Upon coming to the end of his life, Moshe prepares the Jewish people for what was to come as best as he could. To do so, he had to encourage them to reach their potential, even if that potential was no longer what he once had in mind. And this is exactly what he does in his parting speeches.
But it was not enough to inform the Jews of their current potential. Moshe felt obligated to remind them of the true ideal as well – the capability for all the people to reach a state of prophecy (this potential is alluded to in Number 11:29). After all, the Jews had attained it at Sinai (and according to some opinions, also at the crossing of the Reed Sea). To encourage them to remember the need for such an ideal, he recounts what happens when one settles for less. What happens can easily be death and destruction.
Yet even without the destruction of the community, the path chosen by the Jews had left no more room for someone as great as Moshe (nor perhaps for Aharon and Miriam as well). Like Choni ha Ma’agel who prefers death to spiritual loneliness (Ta’anit 23a), Moshe cannot live when his sublime life’s vision has been rendered irrelevant. The Jews will be granted another chance in the land of Israel to slowly build up to Moshe’s ideal. They will have new spiritual greats, and when the exhortations of these greats also fall on deaf ears, they too will disappear, whether by death or by simple irrelevance.
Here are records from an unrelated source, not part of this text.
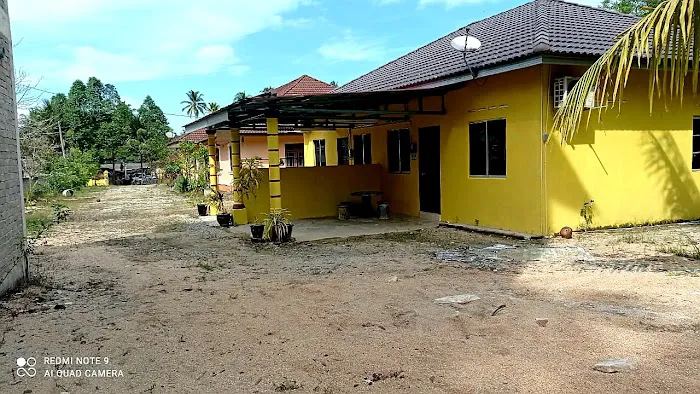Homestay D'Air Sejuk Picture 2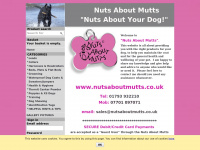 nutsaboutmutts.co.uk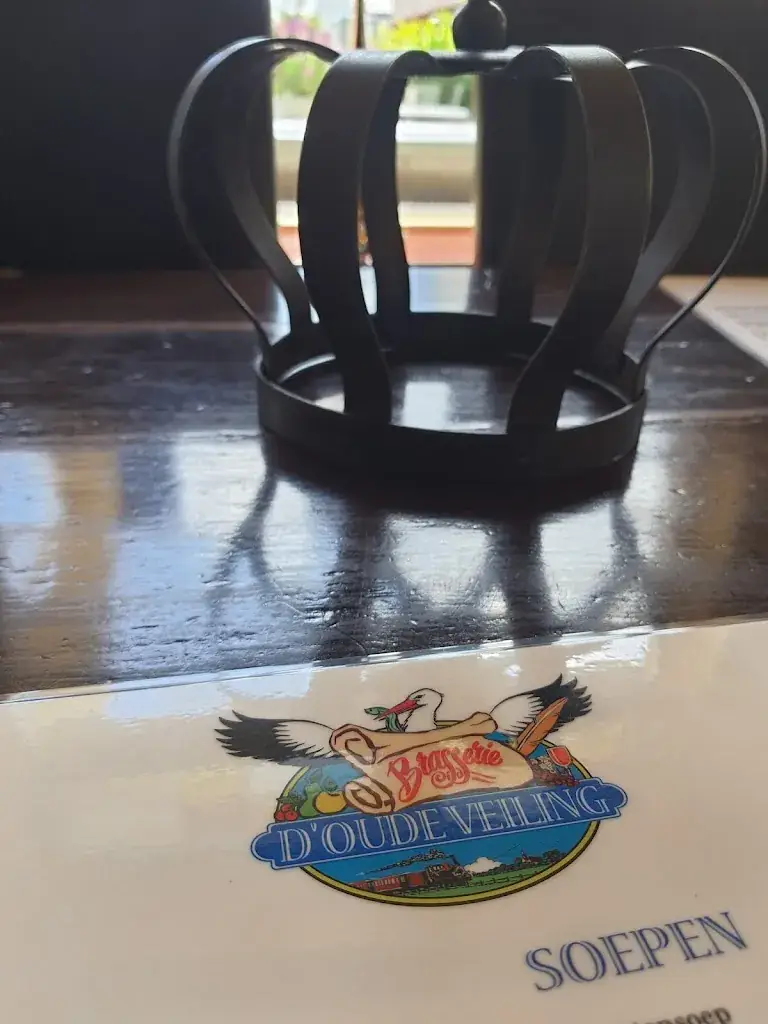 Adi Lavy_Brasserie D'Oude Veiling_Zwaag_review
As with Moshe, even if they are there, it will be as if they are not.
And yet in spite of it all, Moshe’s vision will not die. Both through his life and through his charge – both eternally recorded in the Torah – his message lives on forever, reminding us that there is a very lofty ideal that we must strive to somehow reach. Awareness of that ideal and our need to aspire to it is the legacy that Moshe leaves us.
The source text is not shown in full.